INPUT DATA Block Start

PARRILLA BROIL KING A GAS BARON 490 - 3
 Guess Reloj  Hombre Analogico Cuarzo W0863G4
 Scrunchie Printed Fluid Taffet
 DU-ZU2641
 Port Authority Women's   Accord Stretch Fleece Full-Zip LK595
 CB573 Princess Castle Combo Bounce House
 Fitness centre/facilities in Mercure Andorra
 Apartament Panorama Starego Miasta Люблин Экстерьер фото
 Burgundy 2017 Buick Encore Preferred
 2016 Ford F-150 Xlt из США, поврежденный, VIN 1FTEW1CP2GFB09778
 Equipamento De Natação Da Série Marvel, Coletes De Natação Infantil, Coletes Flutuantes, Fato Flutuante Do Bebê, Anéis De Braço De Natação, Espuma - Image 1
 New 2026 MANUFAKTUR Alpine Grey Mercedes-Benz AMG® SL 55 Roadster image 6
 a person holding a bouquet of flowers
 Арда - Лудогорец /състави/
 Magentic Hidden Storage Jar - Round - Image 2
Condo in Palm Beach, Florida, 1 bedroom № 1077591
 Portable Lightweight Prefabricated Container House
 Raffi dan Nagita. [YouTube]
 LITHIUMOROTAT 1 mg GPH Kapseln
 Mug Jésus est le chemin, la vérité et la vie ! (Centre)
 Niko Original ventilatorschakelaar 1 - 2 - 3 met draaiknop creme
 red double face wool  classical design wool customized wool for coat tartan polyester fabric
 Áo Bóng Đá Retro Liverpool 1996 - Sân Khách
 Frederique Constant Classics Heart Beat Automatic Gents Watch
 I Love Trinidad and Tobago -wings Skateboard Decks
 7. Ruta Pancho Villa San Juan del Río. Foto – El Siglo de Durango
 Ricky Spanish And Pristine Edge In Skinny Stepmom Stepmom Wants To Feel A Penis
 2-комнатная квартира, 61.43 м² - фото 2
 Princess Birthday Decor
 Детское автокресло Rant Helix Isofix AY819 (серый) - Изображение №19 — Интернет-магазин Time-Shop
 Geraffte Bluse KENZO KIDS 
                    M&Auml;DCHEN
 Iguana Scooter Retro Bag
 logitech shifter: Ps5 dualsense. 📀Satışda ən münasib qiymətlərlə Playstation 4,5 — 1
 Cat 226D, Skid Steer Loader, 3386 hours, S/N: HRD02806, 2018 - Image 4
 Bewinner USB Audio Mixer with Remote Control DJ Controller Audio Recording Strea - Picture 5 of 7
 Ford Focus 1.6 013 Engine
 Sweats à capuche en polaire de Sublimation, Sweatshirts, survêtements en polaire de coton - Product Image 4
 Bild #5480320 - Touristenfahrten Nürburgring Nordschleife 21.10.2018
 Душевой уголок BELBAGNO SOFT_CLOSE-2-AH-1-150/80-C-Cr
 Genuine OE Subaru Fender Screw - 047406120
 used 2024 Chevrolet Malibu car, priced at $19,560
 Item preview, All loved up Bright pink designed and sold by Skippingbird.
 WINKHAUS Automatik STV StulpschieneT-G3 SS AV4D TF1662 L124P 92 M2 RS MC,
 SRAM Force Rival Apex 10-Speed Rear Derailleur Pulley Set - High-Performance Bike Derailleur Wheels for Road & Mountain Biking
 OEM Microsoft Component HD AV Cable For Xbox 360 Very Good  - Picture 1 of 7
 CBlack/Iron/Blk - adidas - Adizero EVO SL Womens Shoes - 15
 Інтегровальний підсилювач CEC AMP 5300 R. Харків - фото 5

INPUT DATA Block End

» WORK TO COMPLETE
Tally the lines in the records that contain the word "Ford"; the answer is that number and nothing more.

» ANSWER BELOW
2